To the extent Petitioner argues that he is entitled to equitable tolling based on the Supreme Court's decision inCunningham, Petitioner is mistaken, as he has not demonstrated any extraordinary circumstances warranting equitable tolling based on his anticipated claim.

Lastly, Petitioner's claim that Respondent is bound by Rule 9(a) of 28 U.S.C. § 2254, is likewise without merit. As Respondent correctly submits, Rule 9 codified the equitable doctrine of laches as applied to habeas corpus petitions. Walters v. Scott, 21 F.3d 683, 686 (5th Cir. 1994). However, the 2004 amendments to Rule 9 deleted this provision "as unnecessary in light of the applicable one-year statute of limitations." Adv.
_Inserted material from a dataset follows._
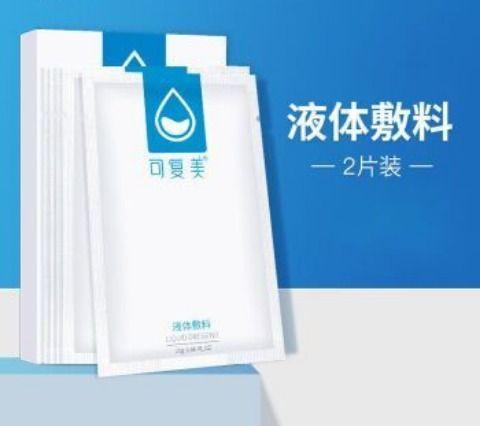 最新藥監(jiān)局，心靈與自然的健康之旅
Comm. Notes to Habeas Corpus Rule 9. As a consequence, superceded Rule 9(a) applies, if at all, to cases filed prior to the 2004 amendment to the rule. See Dumas v. Kelly, 418 F.3d 164, 166 n. 2, 167 (2d Cir. 2005).
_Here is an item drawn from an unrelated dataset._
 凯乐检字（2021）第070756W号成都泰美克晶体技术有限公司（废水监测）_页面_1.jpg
E. Request for Evidentiary Hearing and Discovery

In his opposition, Petitioner requests an evidentiary hearing and discovery. (Opposition, at 8-10.) Respondent opposes Petitioner's requests as premature, and the Court agrees.

Under Rule 8(a) of the Rules Governing Section 2254 Proceedings, provides that "[i]f the petition is not dismissed, the judge must review the answer, any transcripts and records of state-court proceedings, and any materials submitted under Rule 7 to determine whether an evidentiary hearing is warranted." Here, Petitioner's request for an evidentiary hearing must be denied because for the reasons explained supra, the instant petition is subject to dismissal as a violation of the one-year statute of limitations, and the Court has not and can not review the merits of the instant petition.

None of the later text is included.